- Dataset extract -
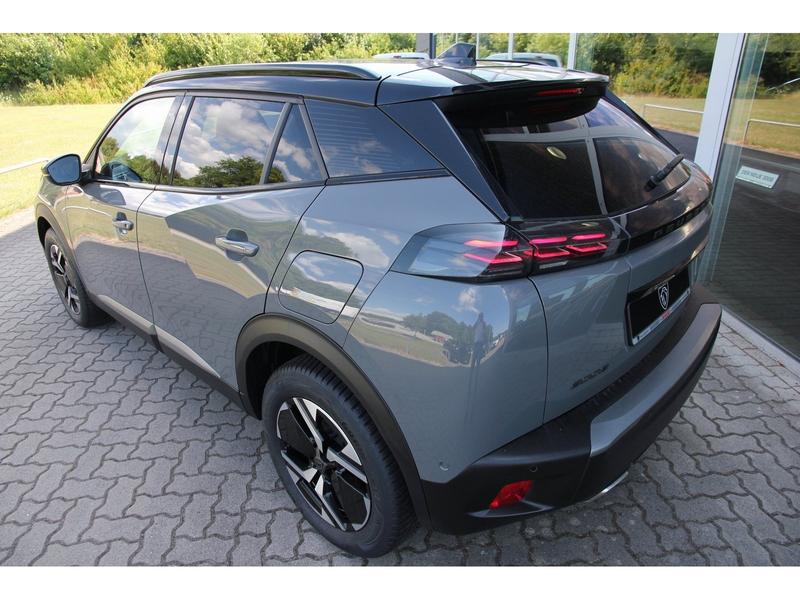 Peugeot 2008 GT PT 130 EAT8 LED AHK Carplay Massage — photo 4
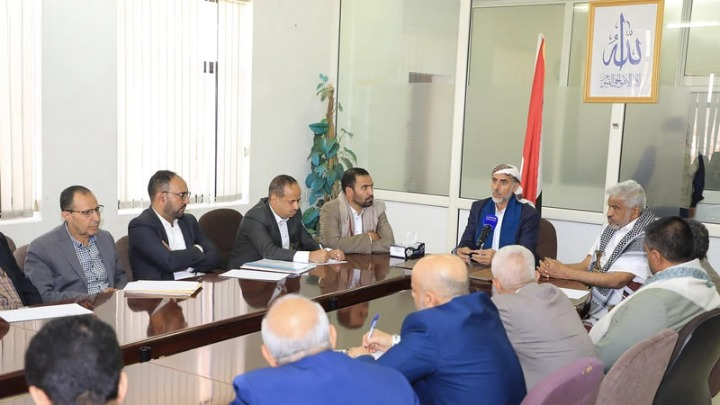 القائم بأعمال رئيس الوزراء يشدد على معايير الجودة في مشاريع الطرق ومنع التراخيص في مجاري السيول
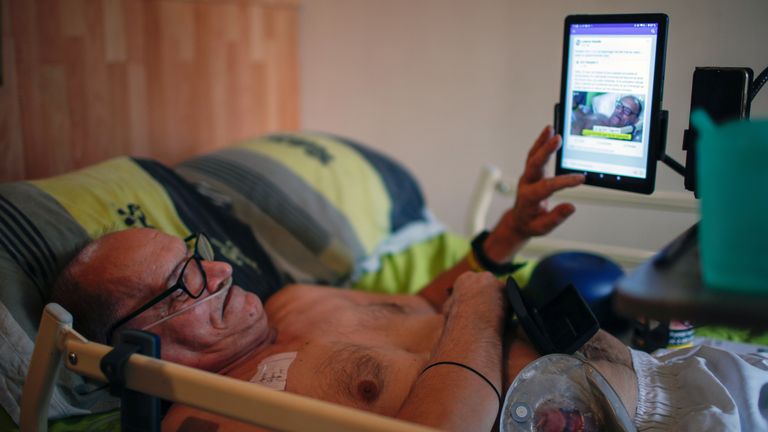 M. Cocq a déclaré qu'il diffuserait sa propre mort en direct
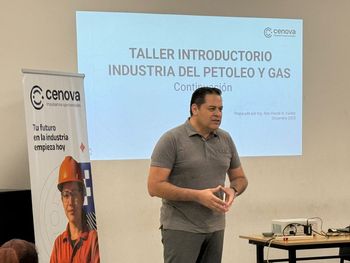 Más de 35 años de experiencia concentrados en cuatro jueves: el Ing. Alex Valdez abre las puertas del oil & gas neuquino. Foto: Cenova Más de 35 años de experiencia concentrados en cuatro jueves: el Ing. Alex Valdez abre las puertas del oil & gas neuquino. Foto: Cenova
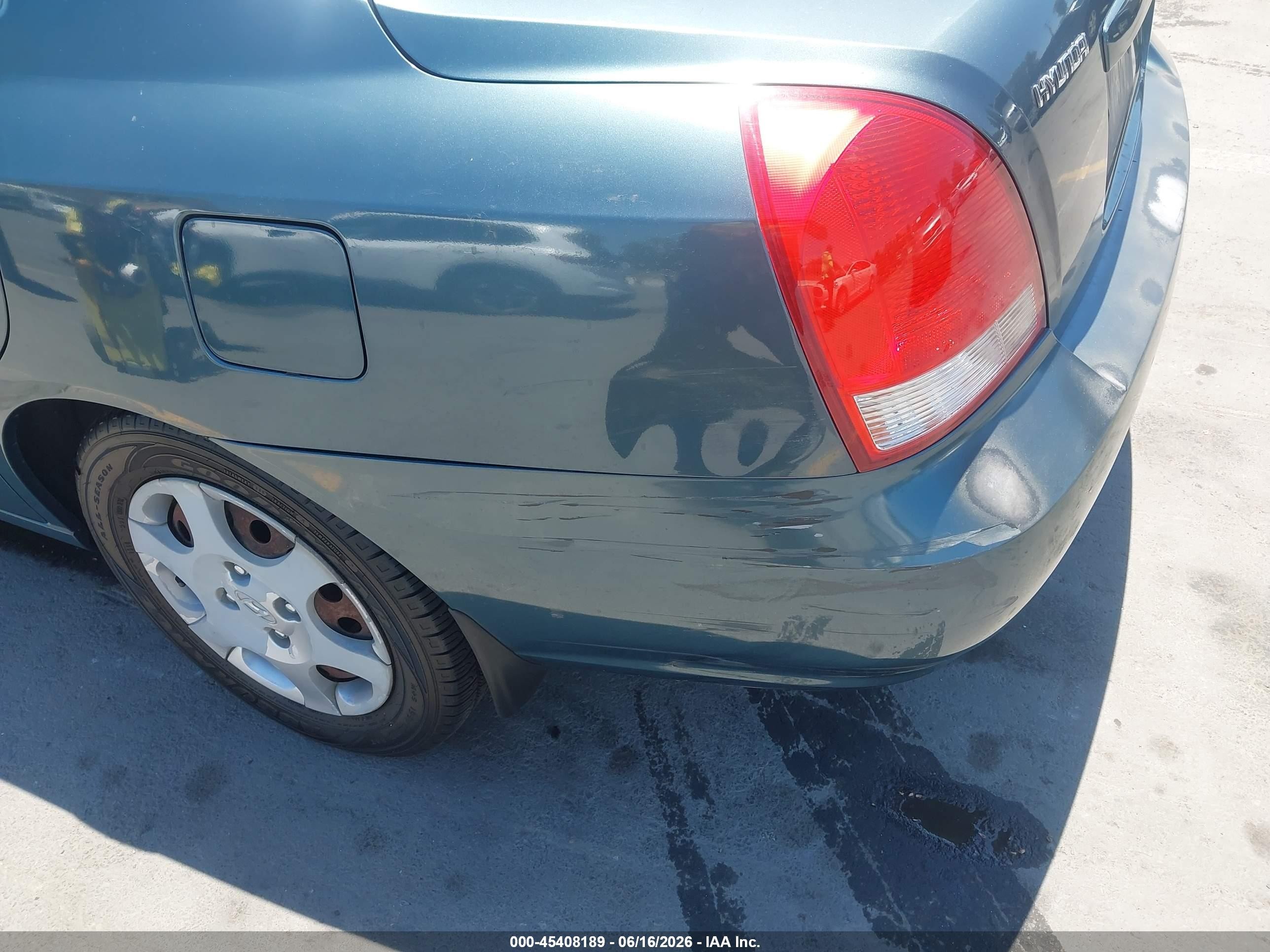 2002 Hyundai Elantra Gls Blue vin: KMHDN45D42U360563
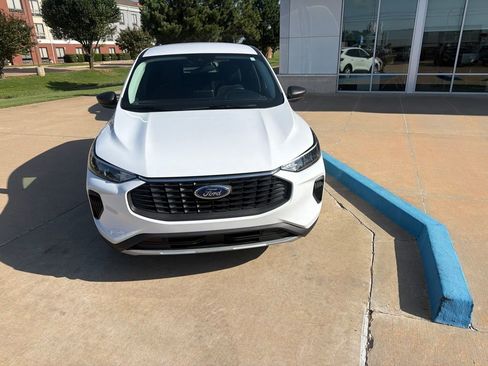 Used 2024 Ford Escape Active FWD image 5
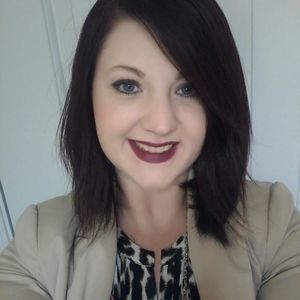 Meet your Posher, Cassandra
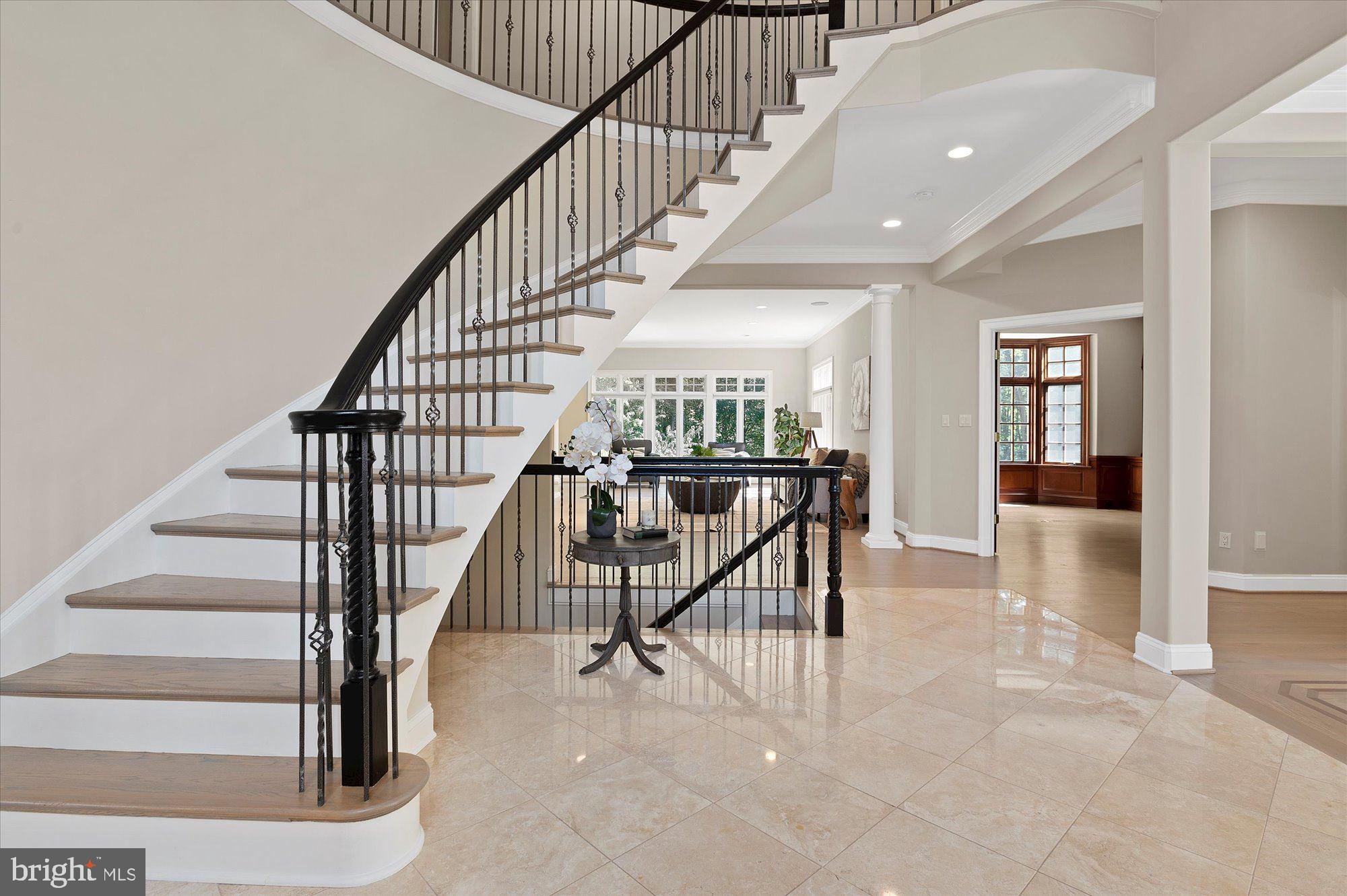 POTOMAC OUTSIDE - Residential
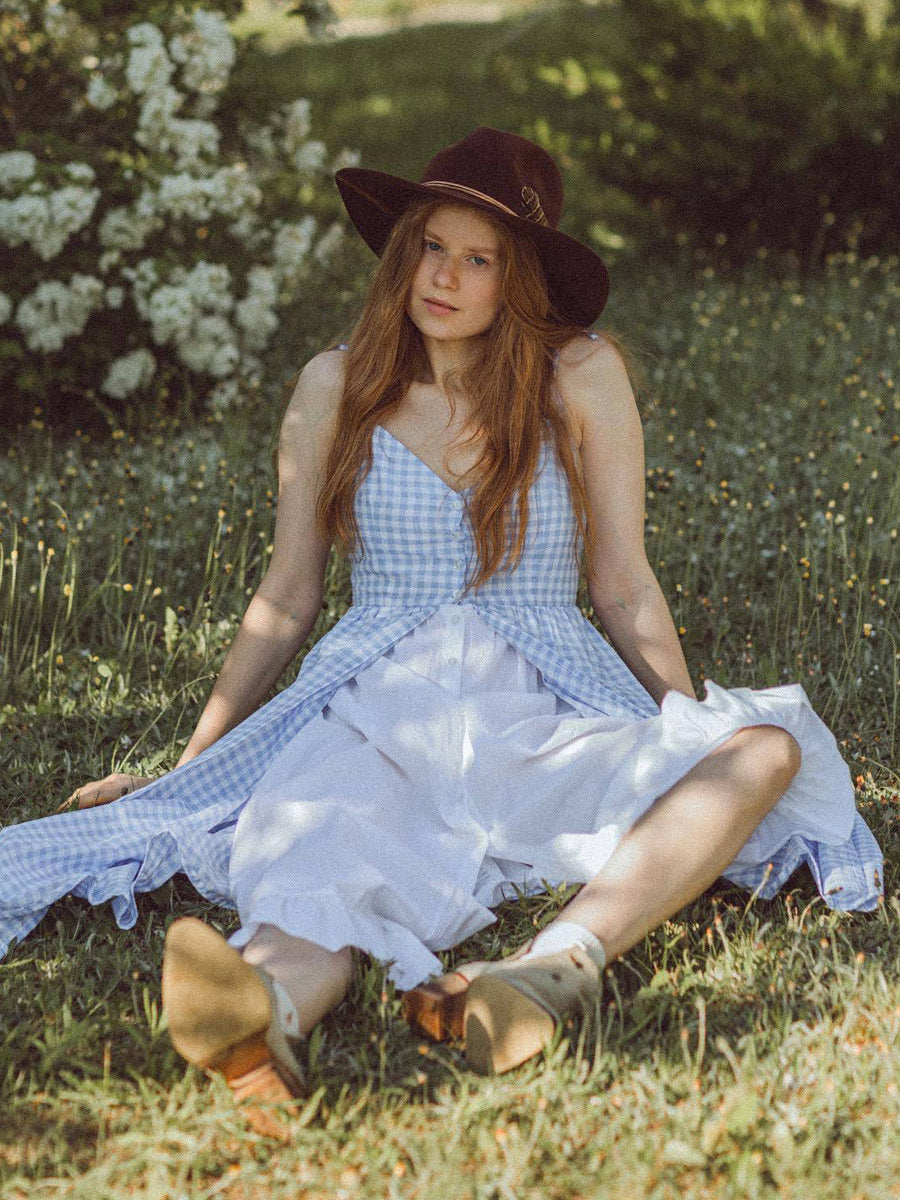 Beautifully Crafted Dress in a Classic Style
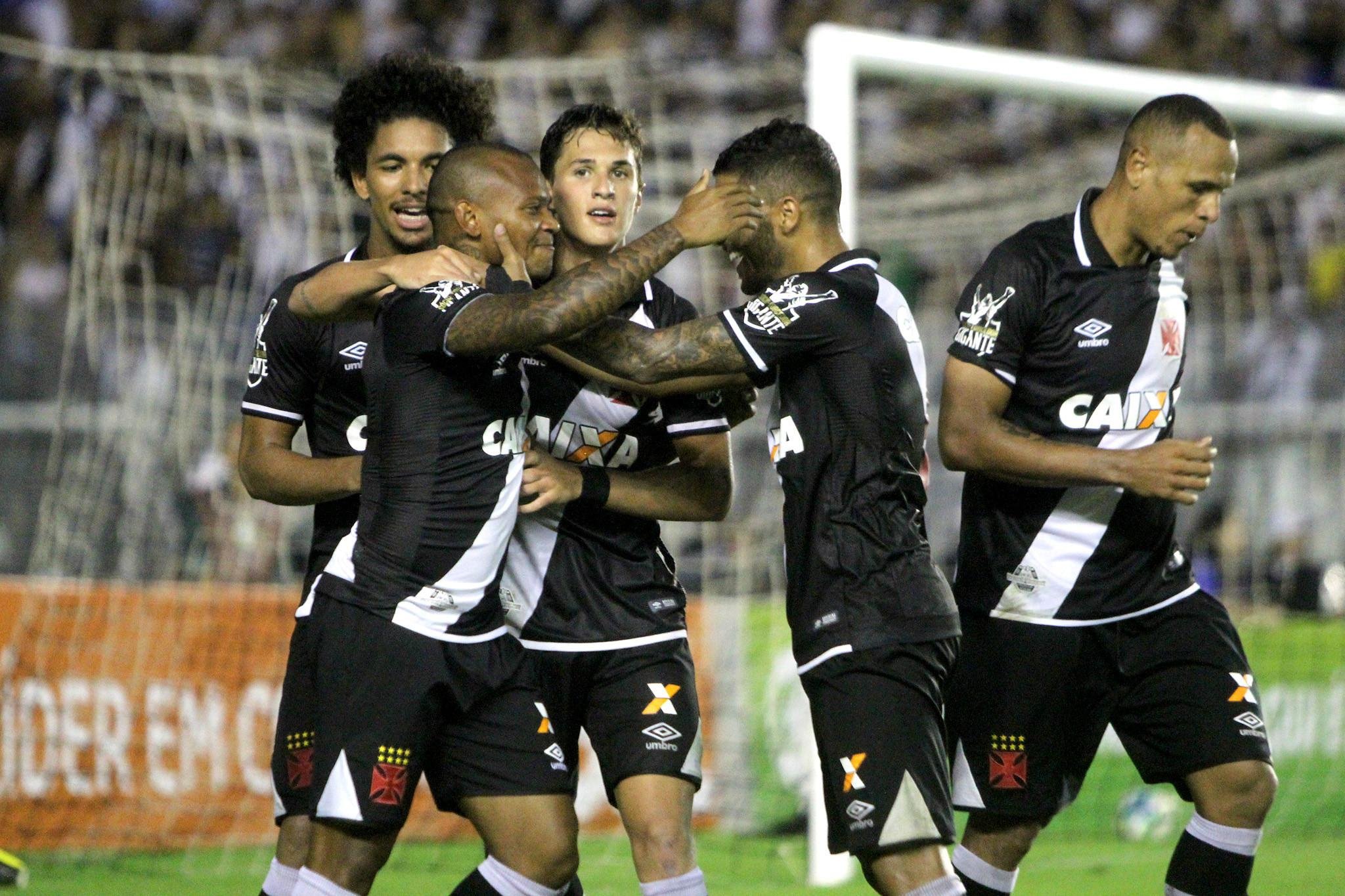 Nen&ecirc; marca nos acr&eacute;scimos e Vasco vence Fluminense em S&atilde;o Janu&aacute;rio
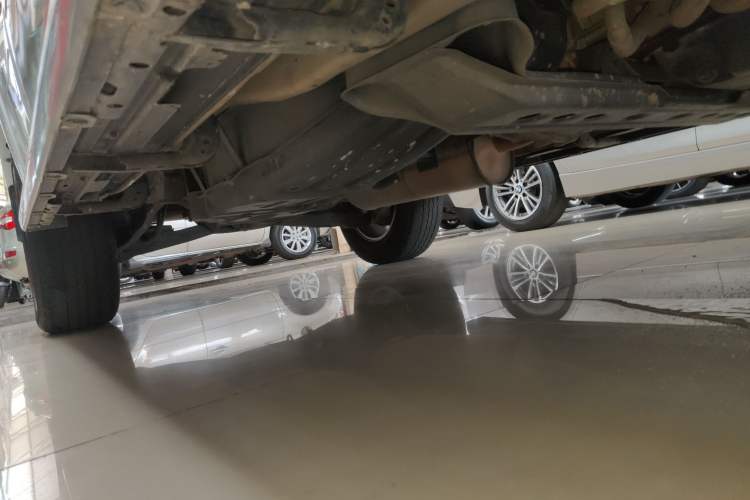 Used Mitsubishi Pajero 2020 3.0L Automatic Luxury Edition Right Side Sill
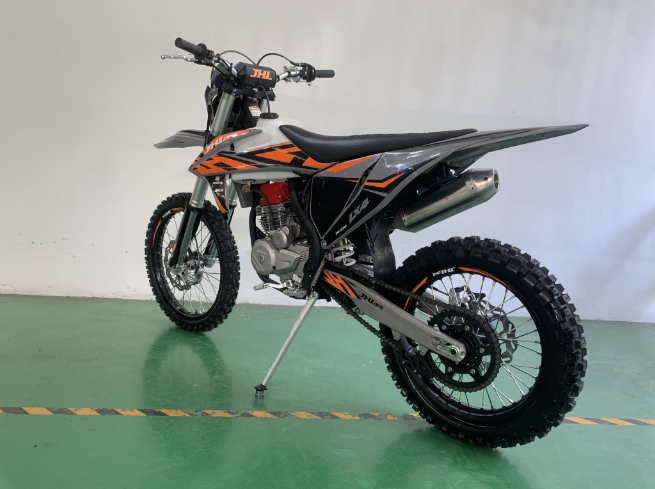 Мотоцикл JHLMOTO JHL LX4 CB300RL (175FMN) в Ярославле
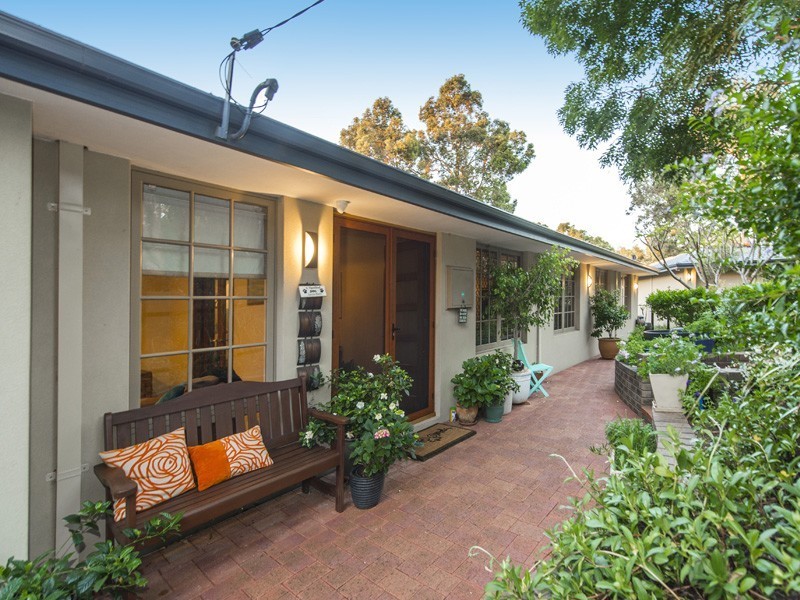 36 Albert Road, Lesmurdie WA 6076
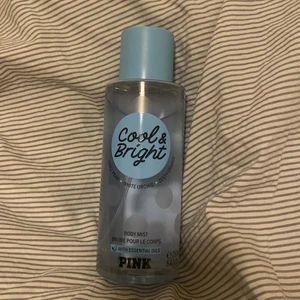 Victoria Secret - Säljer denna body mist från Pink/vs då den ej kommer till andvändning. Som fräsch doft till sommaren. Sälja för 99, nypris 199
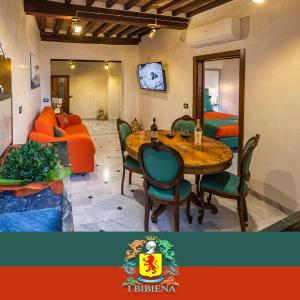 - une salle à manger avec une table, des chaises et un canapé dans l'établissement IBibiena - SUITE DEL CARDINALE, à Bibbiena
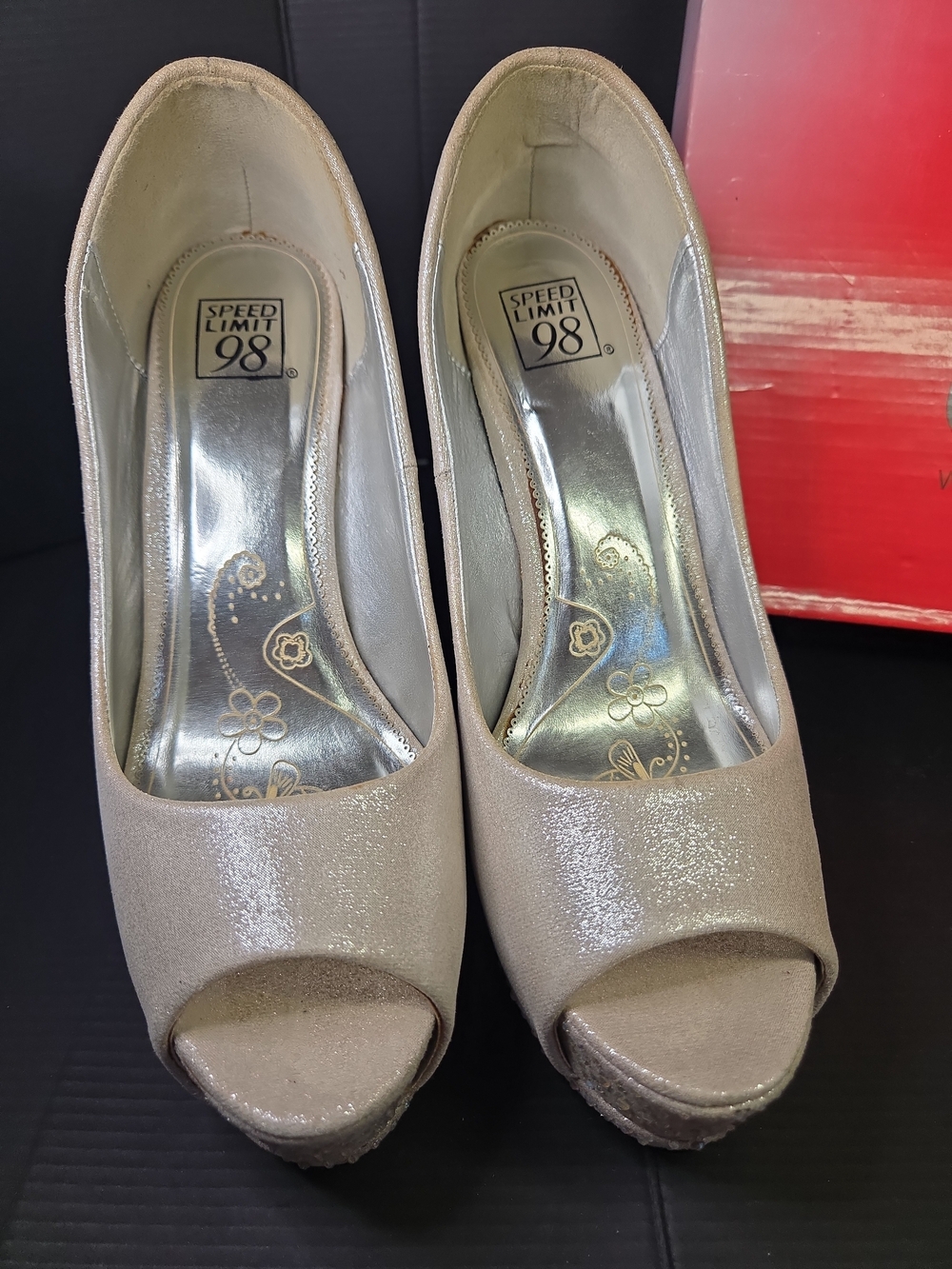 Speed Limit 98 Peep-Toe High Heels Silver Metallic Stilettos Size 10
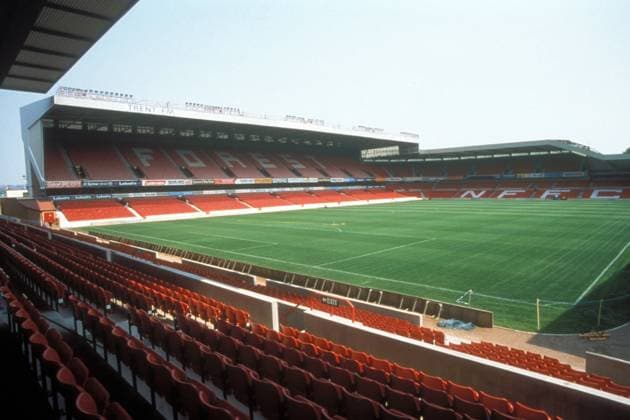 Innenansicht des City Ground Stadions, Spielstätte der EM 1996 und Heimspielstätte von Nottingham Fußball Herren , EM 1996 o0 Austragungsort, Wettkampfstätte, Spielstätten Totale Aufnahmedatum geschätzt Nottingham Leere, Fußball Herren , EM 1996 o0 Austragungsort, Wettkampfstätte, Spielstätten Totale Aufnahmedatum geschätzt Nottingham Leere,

- Exercise goal -
Output each of the lines above exactly, apart from the images.

- Answer to the problem -
 Peugeot 2008 GT PT 130 EAT8 LED AHK Carplay Massage — photo 4
 القائم بأعمال رئيس الوزراء يشدد على معايير الجودة في مشاريع الطرق ومنع التراخيص في مجاري السيول
 M. Cocq a déclaré qu'il diffuserait sa propre mort en direct
 Más de 35 años de experiencia concentrados en cuatro jueves: el Ing. Alex Valdez abre las puertas del oil & gas neuquino. Foto: Cenova Más de 35 años de experiencia concentrados en cuatro jueves: el Ing. Alex Valdez abre las puertas del oil & gas neuquino. Foto: Cenova
 2002 Hyundai Elantra Gls Blue vin: KMHDN45D42U360563
 Used 2024 Ford Escape Active FWD image 5
 Meet your Posher, Cassandra
 POTOMAC OUTSIDE - Residential
 Beautifully Crafted Dress in a Classic Style
 Nen&ecirc; marca nos acr&eacute;scimos e Vasco vence Fluminense em S&atilde;o Janu&aacute;rio
 Used Mitsubishi Pajero 2020 3.0L Automatic Luxury Edition Right Side Sill
 Мотоцикл JHLMOTO JHL LX4 CB300RL (175FMN) в Ярославле
 36 Albert Road, Lesmurdie WA 6076
 Victoria Secret - Säljer denna body mist från Pink/vs då den ej kommer till andvändning. Som fräsch doft till sommaren. Sälja för 99, nypris 199
 - une salle à manger avec une table, des chaises et un canapé dans l'établissement IBibiena - SUITE DEL CARDINALE, à Bibbiena
 Speed Limit 98 Peep-Toe High Heels Silver Metallic Stilettos Size 10
 Innenansicht des City Ground Stadions, Spielstätte der EM 1996 und Heimspielstätte von Nottingham Fußball Herren , EM 1996 o0 Austragungsort, Wettkampfstätte, Spielstätten Totale Aufnahmedatum geschätzt Nottingham Leere, Fußball Herren , EM 1996 o0 Austragungsort, Wettkampfstätte, Spielstätten Totale Aufnahmedatum geschätzt Nottingham Leere,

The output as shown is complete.